By Silviu Stahie on Mar 27, 2020 | 1 Comment

The legal sector is a prime target for cybercriminals, and the vast majority of IT leaders in the industry consider insider threats a significant concern. 77% think employees are directly responsible for exposing valuable data by mistake.

While other industries seem to be a lot more exposed when it comes to data breaches, the legal sector has unique caveats. IT pros say accidental data breaches appear to be accidental – not so much the result of cyber-attacks.

Egress Global Insider Data Breach survey covered 106 IT leaders and 1,001 employees in legal sector companies, from UK, US and Benelux regions.

In a survey, 96% of IT leaders in the legal sector think their business face insider breach risks, which are difficult to quantify, let alone prevent. Furthermore, 77% say employees have already leaked data in the past 12 months, and among those, 78% of the people involved in insider breaches did so intentionally.

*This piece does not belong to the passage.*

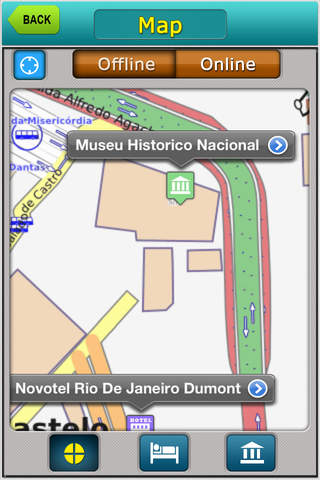 Rio de Janeiro Offline Map City Guide screenshot 3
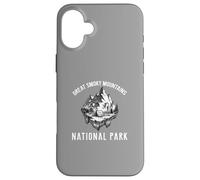 Great Smoky Mountains National Park Mountain Camping Case for iPhone 16 Plus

“Responses from legal sector employees shows they are twice as likely as those from other sectors to admit both intentionally and accidentally breaking company policy when sharing data,” states the survey. “57% said they had intentionally broken company policy compared with 29% average across all sectors, and 56% said they had done so accidentally, compared with 27% on average.”

Unfortunately, the reason for breaches in the legal sector seem to rest with the reliance on conventional methods, which are no longer sufficient. Only half of the companies are using a dedicated security solution, and only 43% of the have some form of email encryption. Also, 61% of the IT leaders say that insider data breaches are typically revealed only when employees notify them.

Data breaches also happen by mistake. 55% of legal sector employees that leaked data did so after being tricked by a phishing email and 31% sent the information to the wrong person. Another problem is that some employees have misconceptions about who actually owns the data. And while more than half of those who shared data knew full well it was against company policy, 58% of them took the data with them to their new job.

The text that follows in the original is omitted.